Lines from the line with "callumluvbot Profile Banner" to the line with "Pronostico Sporting Kansas" in the entries below, and only those, must be output exactly, with both ends included.

[Crawled caption data]
*** Begin section ***
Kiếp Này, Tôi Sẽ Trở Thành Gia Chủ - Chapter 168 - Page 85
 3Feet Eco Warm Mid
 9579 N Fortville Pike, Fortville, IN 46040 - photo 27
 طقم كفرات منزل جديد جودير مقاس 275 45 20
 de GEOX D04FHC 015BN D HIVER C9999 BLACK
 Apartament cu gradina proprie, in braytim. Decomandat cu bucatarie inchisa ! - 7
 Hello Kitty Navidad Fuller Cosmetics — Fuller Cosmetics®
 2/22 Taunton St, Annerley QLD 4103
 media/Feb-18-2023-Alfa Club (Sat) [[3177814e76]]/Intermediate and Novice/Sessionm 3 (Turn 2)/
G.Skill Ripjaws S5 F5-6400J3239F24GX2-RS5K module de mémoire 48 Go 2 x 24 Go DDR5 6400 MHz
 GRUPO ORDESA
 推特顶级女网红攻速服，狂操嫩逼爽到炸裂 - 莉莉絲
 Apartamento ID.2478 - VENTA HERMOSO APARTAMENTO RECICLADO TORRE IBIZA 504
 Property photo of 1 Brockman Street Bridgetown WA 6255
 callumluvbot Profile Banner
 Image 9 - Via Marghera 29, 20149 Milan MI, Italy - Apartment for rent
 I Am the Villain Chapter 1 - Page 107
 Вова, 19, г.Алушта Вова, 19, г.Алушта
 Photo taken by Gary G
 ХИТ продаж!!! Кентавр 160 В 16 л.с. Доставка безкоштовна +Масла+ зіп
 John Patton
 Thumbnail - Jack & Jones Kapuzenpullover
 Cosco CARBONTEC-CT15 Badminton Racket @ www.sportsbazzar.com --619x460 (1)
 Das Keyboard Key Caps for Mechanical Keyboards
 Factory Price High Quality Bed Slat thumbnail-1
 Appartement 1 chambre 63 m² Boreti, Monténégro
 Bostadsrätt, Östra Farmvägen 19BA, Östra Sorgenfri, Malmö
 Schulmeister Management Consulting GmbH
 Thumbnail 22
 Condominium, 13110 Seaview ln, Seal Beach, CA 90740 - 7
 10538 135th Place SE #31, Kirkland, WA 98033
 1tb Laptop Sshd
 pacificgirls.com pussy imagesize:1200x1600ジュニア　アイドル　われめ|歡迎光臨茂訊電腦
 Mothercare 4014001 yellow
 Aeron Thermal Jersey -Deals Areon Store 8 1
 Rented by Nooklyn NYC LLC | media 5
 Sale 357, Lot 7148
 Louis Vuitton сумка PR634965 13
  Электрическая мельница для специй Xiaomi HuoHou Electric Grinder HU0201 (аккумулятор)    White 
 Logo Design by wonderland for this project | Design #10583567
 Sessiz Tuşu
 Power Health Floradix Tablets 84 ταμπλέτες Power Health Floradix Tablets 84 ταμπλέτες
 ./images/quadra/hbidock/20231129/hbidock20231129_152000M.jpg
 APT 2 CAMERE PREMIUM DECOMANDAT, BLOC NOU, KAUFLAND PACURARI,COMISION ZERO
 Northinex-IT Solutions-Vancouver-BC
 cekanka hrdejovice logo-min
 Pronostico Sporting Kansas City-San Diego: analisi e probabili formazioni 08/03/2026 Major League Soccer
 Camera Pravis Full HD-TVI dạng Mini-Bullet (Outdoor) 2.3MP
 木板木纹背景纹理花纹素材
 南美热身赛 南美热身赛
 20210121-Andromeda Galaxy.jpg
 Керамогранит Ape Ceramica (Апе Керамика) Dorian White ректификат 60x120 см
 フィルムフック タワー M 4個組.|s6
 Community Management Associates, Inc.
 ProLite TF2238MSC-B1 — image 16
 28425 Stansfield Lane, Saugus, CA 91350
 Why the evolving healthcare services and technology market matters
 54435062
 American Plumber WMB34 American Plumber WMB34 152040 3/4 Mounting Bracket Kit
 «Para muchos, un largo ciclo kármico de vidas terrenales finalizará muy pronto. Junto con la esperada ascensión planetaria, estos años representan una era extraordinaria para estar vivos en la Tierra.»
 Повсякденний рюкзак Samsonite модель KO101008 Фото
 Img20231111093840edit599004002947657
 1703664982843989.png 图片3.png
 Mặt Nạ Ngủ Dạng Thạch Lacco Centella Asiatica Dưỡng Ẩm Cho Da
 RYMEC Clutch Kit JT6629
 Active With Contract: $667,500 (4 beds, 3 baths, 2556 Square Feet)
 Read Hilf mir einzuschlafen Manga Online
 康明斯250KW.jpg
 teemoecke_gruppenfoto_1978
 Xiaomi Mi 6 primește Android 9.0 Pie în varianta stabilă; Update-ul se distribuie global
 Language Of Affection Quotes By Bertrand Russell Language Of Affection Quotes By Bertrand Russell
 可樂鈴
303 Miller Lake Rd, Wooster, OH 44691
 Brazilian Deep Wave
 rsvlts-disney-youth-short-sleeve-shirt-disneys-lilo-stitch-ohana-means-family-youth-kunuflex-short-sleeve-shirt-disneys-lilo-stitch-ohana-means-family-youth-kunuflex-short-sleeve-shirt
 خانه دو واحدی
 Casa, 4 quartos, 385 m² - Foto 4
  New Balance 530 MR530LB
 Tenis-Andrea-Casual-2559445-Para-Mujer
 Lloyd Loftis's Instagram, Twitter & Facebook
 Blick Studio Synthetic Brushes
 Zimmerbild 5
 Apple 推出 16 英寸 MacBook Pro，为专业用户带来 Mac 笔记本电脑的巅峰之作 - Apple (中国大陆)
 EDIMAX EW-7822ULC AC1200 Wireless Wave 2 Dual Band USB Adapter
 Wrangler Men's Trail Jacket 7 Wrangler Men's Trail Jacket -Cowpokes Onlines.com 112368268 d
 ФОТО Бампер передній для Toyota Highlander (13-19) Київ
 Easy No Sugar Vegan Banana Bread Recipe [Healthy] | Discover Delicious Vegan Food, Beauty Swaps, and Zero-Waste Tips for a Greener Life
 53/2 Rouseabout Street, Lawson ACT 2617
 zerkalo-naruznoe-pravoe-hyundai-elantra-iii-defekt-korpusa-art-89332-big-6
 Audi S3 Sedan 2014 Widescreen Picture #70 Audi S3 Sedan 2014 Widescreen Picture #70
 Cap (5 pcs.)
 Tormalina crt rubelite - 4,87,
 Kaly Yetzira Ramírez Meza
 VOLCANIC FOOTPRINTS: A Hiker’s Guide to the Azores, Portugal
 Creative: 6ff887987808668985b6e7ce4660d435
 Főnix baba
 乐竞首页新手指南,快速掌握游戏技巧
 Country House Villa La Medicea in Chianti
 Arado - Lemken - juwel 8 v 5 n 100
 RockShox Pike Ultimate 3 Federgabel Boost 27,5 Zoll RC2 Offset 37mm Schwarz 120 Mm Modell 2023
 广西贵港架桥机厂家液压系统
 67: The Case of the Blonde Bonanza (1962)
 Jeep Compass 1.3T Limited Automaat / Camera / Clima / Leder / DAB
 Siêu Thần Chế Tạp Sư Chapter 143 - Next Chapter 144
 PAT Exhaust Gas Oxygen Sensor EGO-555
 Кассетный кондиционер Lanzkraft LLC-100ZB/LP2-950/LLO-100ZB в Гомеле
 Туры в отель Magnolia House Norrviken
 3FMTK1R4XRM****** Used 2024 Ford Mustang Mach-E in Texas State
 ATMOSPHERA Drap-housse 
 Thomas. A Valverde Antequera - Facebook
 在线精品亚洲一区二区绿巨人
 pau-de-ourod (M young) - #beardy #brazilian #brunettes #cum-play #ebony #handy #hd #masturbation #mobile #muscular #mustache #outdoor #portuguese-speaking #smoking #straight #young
*** End section ***
SOLVED PROBLEM >>
 callumluvbot Profile Banner
 Image 9 - Via Marghera 29, 20149 Milan MI, Italy - Apartment for rent
 I Am the Villain Chapter 1 - Page 107
 Вова, 19, г.Алушта Вова, 19, г.Алушта
 Photo taken by Gary G
 ХИТ продаж!!! Кентавр 160 В 16 л.с. Доставка безкоштовна +Масла+ зіп
 John Patton
 Thumbnail - Jack & Jones Kapuzenpullover
 Cosco CARBONTEC-CT15 Badminton Racket @ www.sportsbazzar.com --619x460 (1)
 Das Keyboard Key Caps for Mechanical Keyboards
 Factory Price High Quality Bed Slat thumbnail-1
 Appartement 1 chambre 63 m² Boreti, Monténégro
 Bostadsrätt, Östra Farmvägen 19BA, Östra Sorgenfri, Malmö
 Schulmeister Management Consulting GmbH
 Thumbnail 22
 Condominium, 13110 Seaview ln, Seal Beach, CA 90740 - 7
 10538 135th Place SE #31, Kirkland, WA 98033
 1tb Laptop Sshd
 pacificgirls.com pussy imagesize:1200x1600ジュニア　アイドル　われめ|歡迎光臨茂訊電腦
 Mothercare 4014001 yellow
 Aeron Thermal Jersey -Deals Areon Store 8 1
 Rented by Nooklyn NYC LLC | media 5
 Sale 357, Lot 7148
 Louis Vuitton сумка PR634965 13
  Электрическая мельница для специй Xiaomi HuoHou Electric Grinder HU0201 (аккумулятор)    White 
 Logo Design by wonderland for this project | Design #10583567
 Sessiz Tuşu
 Power Health Floradix Tablets 84 ταμπλέτες Power Health Floradix Tablets 84 ταμπλέτες
 ./images/quadra/hbidock/20231129/hbidock20231129_152000M.jpg
 APT 2 CAMERE PREMIUM DECOMANDAT, BLOC NOU, KAUFLAND PACURARI,COMISION ZERO
 Northinex-IT Solutions-Vancouver-BC
 cekanka hrdejovice logo-min
 Pronostico Sporting Kansas City-San Diego: analisi e probabili formazioni 08/03/2026 Major League Soccer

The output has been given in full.